───── Task inputs ─────
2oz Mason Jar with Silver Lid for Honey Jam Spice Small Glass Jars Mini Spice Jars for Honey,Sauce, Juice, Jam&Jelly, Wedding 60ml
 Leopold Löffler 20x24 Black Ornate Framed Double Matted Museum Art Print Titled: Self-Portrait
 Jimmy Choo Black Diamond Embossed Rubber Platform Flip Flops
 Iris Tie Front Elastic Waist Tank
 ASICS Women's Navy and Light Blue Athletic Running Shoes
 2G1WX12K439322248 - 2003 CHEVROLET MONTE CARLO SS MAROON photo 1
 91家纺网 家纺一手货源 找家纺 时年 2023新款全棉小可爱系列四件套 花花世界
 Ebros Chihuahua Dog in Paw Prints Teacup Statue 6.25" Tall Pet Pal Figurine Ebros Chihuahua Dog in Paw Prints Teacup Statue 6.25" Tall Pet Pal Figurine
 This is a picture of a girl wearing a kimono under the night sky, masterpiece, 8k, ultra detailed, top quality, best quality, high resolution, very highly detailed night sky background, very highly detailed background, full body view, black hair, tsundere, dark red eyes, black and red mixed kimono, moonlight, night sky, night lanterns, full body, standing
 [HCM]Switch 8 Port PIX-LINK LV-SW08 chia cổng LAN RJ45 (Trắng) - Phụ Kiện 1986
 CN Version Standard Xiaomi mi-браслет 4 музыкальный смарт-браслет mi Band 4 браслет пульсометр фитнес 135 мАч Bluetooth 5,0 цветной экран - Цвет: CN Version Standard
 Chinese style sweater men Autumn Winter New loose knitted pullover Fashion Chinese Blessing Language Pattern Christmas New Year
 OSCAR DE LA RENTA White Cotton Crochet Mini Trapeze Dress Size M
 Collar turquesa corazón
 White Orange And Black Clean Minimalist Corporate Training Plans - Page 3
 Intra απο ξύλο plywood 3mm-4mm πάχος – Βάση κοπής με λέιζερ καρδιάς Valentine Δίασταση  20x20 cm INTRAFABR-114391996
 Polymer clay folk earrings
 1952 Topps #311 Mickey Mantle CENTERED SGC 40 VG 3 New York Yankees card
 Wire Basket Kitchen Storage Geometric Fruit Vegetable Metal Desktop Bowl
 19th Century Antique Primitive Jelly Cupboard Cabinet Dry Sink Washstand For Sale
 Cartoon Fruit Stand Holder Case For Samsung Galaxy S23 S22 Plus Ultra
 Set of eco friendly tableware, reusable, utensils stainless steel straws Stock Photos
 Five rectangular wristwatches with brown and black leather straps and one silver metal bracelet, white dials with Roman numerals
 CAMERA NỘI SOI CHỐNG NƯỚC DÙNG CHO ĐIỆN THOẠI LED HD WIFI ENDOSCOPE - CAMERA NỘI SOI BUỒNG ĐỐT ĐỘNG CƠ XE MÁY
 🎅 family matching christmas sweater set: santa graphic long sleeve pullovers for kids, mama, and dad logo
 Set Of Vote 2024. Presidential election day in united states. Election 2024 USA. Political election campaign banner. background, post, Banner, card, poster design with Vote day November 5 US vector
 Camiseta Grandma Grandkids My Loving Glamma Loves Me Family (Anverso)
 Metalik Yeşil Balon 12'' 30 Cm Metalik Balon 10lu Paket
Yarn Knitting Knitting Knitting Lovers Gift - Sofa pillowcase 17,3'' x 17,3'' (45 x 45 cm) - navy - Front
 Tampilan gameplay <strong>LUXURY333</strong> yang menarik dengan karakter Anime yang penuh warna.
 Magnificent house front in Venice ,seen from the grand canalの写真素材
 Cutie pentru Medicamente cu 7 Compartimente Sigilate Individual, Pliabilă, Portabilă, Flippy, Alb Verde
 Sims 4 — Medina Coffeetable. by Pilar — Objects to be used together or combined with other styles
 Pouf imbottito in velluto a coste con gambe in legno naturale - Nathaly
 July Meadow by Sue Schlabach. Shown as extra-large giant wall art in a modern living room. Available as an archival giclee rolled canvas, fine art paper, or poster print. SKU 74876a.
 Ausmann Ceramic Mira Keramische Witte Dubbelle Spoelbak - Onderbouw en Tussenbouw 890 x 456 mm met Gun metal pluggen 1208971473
─────
# Task statement:
Please give back exactly the lines of the listing above that run from the one containing "ASICS Women's Navy" through the one containing "White Orange And", and only those.

# Response to the exercise:
 ASICS Women's Navy and Light Blue Athletic Running Shoes
 2G1WX12K439322248 - 2003 CHEVROLET MONTE CARLO SS MAROON photo 1
 91家纺网 家纺一手货源 找家纺 时年 2023新款全棉小可爱系列四件套 花花世界
 Ebros Chihuahua Dog in Paw Prints Teacup Statue 6.25" Tall Pet Pal Figurine Ebros Chihuahua Dog in Paw Prints Teacup Statue 6.25" Tall Pet Pal Figurine
 This is a picture of a girl wearing a kimono under the night sky, masterpiece, 8k, ultra detailed, top quality, best quality, high resolution, very highly detailed night sky background, very highly detailed background, full body view, black hair, tsundere, dark red eyes, black and red mixed kimono, moonlight, night sky, night lanterns, full body, standing
 [HCM]Switch 8 Port PIX-LINK LV-SW08 chia cổng LAN RJ45 (Trắng) - Phụ Kiện 1986
 CN Version Standard Xiaomi mi-браслет 4 музыкальный смарт-браслет mi Band 4 браслет пульсометр фитнес 135 мАч Bluetooth 5,0 цветной экран - Цвет: CN Version Standard
 Chinese style sweater men Autumn Winter New loose knitted pullover Fashion Chinese Blessing Language Pattern Christmas New Year
 OSCAR DE LA RENTA White Cotton Crochet Mini Trapeze Dress Size M
 Collar turquesa corazón
 White Orange And Black Clean Minimalist Corporate Training Plans - Page 3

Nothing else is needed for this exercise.